Lake Okeechobee covers approximately 730 square miles (1,900 square kilometers), making it the second-largest freshwater lake in the contiguous United States. The lake is part of the Greater Everglades Watershed in Florida and serves as a crucial natural resource for the surrounding ecosystem. Phytoplankton are essential to healthy lake ecosystems, but alterations e.g., watershed development, irrigation, drought mitigation, water treatment) to the Lake Okeechobee system and surrounding watershed have made it susceptible to excessive growth of phytoplankton leading to harmful algal blooms (HABs). These HABs are made of up many different types of phytoplankton some of which can produce toxins leading to negative health outcomes and can also impact recreational use of the lake. Lake Okeechobee plays a vital role in the ecology and economy of Florida, and understanding its complex dynamics is essential for effective management and conservation efforts.
To support effective lake management, USGS and its partners have been conducting studies to gain insights into phytoplankton and HAB dynamics in the Lake Okeechobee system, which includes the Caloosahatchee and St. Lucie rivers that flow from the lake into the west and east coasts of Florida, respectively. A major part of this research involves counting and identifying the different types of phytoplankton found in the lake and understanding how various environmental factors—like water quality and seasonal changes—affect them over time and across different areas of the lake. From their studies, researchers have discovered that Lake Okeechobee can be divided into seven distinct zones, each with its own unique phytoplankton communities. While the types of phytoplankton didn’t show clear seasonal changes, the total number of these organisms was highest at the end of the wet season. The dominant group of phytoplankton was cyanobacteria which has potential to produce toxins.
Nutrients are essential for phytoplankton growth. Like other eutrophic lakes, there is an inverse relationship between phytoplankton abundance and nutrients (nitrate and orthophosphate), likely due to the “boom-bust” cycles of algal blooms. During the “boom” phase, algae numbers spike, depleting nutrients, light availability, and altering water chemistry. Eventually, the lake cannot support such high algae levels and the bloom begins to die off. This decay consumes more oxygen than is produced, resulting in the “bust” phase, where algae numbers decline, nutrients become available again, and light availability improves setting the stage for new phytoplankton growth shifting back to "boom". Different types of phytoplankton are associated with different stages of this cycle.

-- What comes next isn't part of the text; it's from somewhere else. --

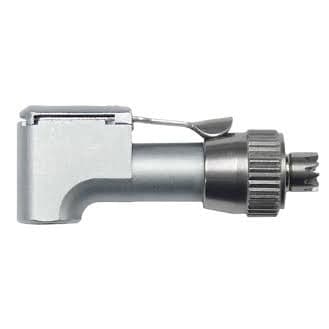 ND Star/NSK-type Head Attachment for Contra Angle, Latch-type Standard - ND Star/NSK-type Head Attachment for Contra Angle, Latch-type standard. Great - Image 1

The distinct phytoplankton communities being identified are helping to pinpoint areas in the lake where harmful algal toxin producers are likely to be found. Understanding these zones is crucial because if toxin production occurs in specific areas, even if those toxins are later transported by water or wind, this information can improve prediction and monitoring efforts to reduce human exposure.
Current studies emphasize the complexity of phytoplankton and HAB dynamics. Ongoing research is essential to enhance our understanding and develop predictive models that resource managers can use for effective HAB mitigation and prevention strategies. Implementing high-frequency, high-resolution monitoring systems could improve management decisions significantly. Achieving these goals will take time due to the lingering impacts of nutrient loading, necessitating a continuous adaptive management approach as new information emerges. In the meantime, understanding the drivers of HABs in Lake Okeechobee could help reduce future in-lake treatment costs.
This study was supported by the USGS Ecosystems Mission Area, through the Environmental Health Program (Contaminant Biology and Toxic Substances Hydrology) and U.S. Army Corps of Engineers Aquatic Nuisance Species Research Program.